On January 21, 2016, the Supreme Court ruled that Tom Hayes and Carlo Palombo did not receive a fair trial. Accordingly, their convictions for rigging key interest rates have been vacated. This decision represents a historic victory for each of the men. They have long stood by their innocence and have long presented themselves as the victims of a miscarriage of justice over the last ten years.
Tom Hayes, previously considered the “ringmaster” of a global fraud conspiracy, was sentenced to the maximum 14 years imprisonment. His co-defendant, Carlo Palombo, was sent to jail for rigging the Libor and Euribor interest rates. These short-term interest rates are key for determining borrowing costs on long-term products like mortgages and commercial loans. In fact, they were one of 19 City traders collectively being accused of this collusive behaviour. In the end, nine of them were imprisoned in the US and UK.

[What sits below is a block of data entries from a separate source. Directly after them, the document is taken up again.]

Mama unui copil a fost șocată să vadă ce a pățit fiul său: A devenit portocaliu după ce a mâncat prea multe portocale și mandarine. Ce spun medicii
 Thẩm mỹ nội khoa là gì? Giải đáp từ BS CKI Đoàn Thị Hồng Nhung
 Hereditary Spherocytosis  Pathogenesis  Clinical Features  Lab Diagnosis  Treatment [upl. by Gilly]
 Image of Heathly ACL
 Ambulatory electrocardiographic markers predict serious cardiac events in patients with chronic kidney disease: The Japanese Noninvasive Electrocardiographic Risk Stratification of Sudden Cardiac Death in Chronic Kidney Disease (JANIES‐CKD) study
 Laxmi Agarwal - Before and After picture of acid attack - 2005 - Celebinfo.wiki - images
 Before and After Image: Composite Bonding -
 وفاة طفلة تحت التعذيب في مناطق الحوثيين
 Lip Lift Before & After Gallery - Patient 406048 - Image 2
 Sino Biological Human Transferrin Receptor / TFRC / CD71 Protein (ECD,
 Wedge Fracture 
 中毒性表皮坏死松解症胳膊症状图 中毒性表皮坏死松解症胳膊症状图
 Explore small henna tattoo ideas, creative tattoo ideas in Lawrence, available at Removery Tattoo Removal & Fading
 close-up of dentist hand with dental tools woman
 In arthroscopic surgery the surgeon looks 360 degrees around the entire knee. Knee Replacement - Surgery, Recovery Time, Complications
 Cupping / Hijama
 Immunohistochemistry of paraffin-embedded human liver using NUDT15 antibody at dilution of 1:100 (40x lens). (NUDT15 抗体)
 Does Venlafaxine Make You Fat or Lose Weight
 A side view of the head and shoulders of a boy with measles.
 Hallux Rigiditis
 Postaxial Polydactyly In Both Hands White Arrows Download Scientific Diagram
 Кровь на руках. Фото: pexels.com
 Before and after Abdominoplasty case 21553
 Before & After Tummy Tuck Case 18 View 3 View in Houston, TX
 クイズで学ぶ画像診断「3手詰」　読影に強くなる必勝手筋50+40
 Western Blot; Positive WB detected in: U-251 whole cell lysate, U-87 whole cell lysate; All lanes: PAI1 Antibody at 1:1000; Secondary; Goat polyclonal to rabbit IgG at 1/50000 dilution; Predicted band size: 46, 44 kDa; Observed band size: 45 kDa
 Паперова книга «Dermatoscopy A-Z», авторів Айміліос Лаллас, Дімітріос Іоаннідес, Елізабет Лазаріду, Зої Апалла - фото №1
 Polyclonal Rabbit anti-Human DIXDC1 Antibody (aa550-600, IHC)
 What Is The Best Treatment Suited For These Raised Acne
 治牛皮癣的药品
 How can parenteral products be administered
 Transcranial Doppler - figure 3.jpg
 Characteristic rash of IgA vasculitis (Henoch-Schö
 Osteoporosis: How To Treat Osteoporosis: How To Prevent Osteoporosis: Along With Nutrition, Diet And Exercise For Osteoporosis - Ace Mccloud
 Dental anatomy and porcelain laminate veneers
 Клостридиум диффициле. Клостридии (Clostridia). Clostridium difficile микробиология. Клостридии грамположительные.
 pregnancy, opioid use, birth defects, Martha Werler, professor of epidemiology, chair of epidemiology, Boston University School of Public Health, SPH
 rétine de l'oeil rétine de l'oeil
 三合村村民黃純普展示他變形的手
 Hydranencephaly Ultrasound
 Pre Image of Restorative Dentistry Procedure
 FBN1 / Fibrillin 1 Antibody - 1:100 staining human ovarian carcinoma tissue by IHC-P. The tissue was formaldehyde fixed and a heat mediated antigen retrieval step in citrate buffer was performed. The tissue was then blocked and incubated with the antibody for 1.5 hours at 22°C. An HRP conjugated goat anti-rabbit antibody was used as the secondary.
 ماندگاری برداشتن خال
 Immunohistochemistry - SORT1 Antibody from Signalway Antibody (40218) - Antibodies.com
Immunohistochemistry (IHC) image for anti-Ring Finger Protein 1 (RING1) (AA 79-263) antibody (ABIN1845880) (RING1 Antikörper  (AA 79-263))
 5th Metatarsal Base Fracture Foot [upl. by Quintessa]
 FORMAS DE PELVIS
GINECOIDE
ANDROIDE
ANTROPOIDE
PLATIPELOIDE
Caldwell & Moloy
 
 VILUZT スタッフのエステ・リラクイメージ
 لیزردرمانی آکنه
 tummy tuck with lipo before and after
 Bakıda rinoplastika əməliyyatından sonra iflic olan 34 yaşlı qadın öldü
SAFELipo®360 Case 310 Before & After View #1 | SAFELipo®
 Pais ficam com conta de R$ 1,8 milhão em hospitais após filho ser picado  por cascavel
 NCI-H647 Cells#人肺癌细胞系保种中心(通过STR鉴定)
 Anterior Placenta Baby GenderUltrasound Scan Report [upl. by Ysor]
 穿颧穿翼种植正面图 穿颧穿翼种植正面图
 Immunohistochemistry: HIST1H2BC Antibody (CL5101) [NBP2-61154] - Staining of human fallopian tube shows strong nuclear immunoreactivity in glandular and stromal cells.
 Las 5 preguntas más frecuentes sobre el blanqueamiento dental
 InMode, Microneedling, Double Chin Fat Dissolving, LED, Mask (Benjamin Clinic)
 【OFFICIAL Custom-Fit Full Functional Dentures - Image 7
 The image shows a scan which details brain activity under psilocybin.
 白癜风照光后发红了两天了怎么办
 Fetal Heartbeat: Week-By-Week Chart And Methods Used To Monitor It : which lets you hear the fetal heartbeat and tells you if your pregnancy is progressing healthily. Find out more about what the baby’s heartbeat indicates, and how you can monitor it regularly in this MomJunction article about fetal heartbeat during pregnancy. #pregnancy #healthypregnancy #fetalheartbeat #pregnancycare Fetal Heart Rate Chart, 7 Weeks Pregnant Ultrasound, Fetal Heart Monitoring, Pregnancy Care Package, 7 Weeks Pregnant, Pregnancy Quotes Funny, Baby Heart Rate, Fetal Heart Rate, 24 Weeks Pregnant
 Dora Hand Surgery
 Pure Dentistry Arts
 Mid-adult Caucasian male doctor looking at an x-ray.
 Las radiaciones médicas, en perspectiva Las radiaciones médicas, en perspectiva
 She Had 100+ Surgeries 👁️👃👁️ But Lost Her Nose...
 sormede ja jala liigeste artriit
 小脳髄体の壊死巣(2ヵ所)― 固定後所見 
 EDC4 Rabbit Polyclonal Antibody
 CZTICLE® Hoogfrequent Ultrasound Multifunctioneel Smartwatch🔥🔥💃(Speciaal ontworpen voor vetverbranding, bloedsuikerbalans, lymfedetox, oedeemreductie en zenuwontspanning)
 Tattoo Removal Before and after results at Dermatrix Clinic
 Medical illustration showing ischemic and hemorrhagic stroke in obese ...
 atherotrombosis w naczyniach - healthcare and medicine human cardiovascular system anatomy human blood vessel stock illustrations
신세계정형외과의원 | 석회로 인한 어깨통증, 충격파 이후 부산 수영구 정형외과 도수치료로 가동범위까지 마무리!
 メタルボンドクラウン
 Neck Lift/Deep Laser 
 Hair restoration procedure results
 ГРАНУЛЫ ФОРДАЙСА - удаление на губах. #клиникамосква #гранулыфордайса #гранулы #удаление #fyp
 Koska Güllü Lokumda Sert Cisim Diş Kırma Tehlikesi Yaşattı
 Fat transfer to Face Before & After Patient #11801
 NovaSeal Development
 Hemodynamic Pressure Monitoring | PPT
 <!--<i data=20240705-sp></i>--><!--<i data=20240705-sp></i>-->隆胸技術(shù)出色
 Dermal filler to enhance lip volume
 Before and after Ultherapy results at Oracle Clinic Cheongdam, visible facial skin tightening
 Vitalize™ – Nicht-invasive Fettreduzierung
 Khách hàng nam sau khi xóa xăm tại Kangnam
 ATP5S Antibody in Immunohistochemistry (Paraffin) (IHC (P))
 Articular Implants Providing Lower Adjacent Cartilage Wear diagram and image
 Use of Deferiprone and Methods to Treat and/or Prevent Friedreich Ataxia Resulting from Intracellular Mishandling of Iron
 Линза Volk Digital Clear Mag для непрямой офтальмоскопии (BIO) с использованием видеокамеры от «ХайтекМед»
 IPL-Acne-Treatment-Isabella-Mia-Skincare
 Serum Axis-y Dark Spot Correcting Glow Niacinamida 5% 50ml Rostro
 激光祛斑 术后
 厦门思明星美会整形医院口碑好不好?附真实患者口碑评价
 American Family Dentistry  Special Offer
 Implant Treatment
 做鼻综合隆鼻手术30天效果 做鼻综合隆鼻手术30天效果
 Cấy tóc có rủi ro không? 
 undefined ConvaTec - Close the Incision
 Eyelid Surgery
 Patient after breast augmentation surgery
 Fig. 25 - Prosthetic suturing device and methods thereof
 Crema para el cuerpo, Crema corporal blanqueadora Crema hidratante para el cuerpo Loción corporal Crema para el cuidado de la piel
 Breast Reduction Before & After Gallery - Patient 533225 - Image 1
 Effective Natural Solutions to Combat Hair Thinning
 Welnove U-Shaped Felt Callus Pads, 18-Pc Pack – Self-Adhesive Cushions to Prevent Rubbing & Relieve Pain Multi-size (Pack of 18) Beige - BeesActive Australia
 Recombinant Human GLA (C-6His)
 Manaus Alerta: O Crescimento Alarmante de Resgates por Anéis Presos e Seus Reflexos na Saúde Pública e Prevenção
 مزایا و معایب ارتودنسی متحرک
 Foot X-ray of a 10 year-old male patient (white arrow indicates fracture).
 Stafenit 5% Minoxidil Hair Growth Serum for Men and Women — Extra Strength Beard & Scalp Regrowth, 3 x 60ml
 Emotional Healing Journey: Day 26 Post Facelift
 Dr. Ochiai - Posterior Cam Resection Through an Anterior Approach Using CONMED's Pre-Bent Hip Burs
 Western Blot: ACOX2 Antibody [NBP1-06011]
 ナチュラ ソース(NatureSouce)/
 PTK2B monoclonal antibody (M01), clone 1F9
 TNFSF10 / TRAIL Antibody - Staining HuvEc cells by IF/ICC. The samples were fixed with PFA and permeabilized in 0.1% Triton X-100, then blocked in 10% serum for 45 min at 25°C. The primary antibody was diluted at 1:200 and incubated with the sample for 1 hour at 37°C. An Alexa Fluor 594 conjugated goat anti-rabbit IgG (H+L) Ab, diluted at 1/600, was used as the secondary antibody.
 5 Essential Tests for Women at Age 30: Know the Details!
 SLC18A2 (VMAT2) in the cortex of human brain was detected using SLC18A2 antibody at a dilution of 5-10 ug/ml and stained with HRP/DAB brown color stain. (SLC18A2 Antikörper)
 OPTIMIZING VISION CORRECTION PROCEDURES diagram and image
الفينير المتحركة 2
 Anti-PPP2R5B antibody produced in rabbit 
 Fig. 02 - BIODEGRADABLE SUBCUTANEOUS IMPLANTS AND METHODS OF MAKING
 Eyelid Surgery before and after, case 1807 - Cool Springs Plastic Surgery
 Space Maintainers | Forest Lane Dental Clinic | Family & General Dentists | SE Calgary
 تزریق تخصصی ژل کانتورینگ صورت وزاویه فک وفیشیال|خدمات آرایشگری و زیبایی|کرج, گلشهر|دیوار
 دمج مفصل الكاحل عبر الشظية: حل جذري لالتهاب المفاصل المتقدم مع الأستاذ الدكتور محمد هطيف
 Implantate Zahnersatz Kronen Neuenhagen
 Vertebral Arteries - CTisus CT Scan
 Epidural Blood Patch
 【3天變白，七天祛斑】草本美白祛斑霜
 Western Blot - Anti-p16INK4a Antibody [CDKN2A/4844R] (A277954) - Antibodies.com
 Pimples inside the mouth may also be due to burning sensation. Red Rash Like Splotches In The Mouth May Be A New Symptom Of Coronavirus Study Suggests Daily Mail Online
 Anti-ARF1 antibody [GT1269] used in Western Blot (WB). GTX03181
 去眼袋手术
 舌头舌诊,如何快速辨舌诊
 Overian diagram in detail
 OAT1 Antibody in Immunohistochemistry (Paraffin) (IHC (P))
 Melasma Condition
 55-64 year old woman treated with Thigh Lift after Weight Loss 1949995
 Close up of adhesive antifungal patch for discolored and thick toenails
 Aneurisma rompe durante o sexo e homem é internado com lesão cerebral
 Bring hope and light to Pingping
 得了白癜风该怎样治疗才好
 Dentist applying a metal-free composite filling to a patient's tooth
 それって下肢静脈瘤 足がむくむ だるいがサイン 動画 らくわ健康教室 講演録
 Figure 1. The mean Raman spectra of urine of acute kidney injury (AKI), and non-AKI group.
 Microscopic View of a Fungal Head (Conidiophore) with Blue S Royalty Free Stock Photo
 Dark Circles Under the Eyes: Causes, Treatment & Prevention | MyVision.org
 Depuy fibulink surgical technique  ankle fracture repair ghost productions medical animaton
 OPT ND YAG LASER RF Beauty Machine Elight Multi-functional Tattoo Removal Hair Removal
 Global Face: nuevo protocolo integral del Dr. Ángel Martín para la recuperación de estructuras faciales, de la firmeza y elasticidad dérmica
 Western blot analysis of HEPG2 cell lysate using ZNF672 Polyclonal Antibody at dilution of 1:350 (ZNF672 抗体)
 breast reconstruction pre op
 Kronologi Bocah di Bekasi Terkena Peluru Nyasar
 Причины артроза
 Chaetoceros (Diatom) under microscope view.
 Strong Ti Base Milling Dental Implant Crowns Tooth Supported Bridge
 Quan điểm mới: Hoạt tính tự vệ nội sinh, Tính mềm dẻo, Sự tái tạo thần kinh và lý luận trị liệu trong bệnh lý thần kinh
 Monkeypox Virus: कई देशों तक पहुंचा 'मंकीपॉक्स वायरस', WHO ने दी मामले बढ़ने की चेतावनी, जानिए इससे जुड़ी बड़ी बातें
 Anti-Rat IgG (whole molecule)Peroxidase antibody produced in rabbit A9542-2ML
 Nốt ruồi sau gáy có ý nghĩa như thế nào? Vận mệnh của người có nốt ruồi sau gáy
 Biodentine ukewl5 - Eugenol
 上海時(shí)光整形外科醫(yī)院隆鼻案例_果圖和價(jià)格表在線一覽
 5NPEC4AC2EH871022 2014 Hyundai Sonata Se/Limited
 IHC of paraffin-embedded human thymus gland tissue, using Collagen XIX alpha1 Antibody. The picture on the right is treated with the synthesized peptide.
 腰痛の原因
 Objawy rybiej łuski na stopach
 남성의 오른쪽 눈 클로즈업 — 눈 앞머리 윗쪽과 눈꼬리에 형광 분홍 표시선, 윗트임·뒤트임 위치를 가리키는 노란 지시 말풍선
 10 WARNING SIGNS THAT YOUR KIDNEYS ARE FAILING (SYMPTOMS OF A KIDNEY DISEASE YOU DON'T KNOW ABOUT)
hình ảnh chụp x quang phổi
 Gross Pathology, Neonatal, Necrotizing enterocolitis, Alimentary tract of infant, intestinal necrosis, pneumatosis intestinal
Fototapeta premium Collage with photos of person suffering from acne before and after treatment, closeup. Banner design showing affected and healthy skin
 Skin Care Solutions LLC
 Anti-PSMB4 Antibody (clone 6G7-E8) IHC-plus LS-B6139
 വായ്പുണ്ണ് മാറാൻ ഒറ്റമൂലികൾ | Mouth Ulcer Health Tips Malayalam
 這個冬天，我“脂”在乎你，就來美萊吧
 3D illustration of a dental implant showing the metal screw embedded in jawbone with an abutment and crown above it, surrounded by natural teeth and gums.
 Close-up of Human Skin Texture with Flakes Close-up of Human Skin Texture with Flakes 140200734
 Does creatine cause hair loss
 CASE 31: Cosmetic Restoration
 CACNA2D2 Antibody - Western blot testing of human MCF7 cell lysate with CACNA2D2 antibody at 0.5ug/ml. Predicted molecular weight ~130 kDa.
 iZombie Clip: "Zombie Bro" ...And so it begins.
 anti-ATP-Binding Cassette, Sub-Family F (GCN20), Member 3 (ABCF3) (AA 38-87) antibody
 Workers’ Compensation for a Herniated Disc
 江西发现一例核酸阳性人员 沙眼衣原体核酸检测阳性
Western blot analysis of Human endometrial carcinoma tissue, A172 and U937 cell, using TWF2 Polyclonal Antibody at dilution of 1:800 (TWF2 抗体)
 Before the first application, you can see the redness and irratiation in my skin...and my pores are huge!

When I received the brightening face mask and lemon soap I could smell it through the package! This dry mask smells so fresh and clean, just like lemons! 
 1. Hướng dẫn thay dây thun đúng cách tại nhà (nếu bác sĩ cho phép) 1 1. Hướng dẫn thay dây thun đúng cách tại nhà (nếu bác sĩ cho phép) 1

The fight against these wrongful convictions began to come apart in 2022. Fifth, US courts repeatedly found no evidence that the traders had disrupted anything or behaved unlawfully. In the wake of this ruling, the convictions of lots of US traders were overturned. Hayes and Palombo thus became the only people still found guilty for such crimes in the UK. This service, to the best of my knowledge, put them in a unique position.
This is the decision that the Supreme Court announced on Wednesday, which has been celebrated as a huge victory for each of the men. For a decade they’ve struggled and strived, protesting their unjust prosecution. The court’s ruling vacated their convictions. It further laid bare the unequal justice being meted out in various jurisdictions for the manipulation of Libor and Euribor rates.
In four years, regulators convicted 19 traders in furtherance of this scandal. Taken together, this prompted huge public and regulatory backlash. The manipulation ultimately had systemic effects on financial markets, raising borrowing costs worldwide. Taken together, these recent legal developments signal a burgeoning recognition of deep-seated inequities in the judicial process. This is all the more troubling in the face of such grave allegations.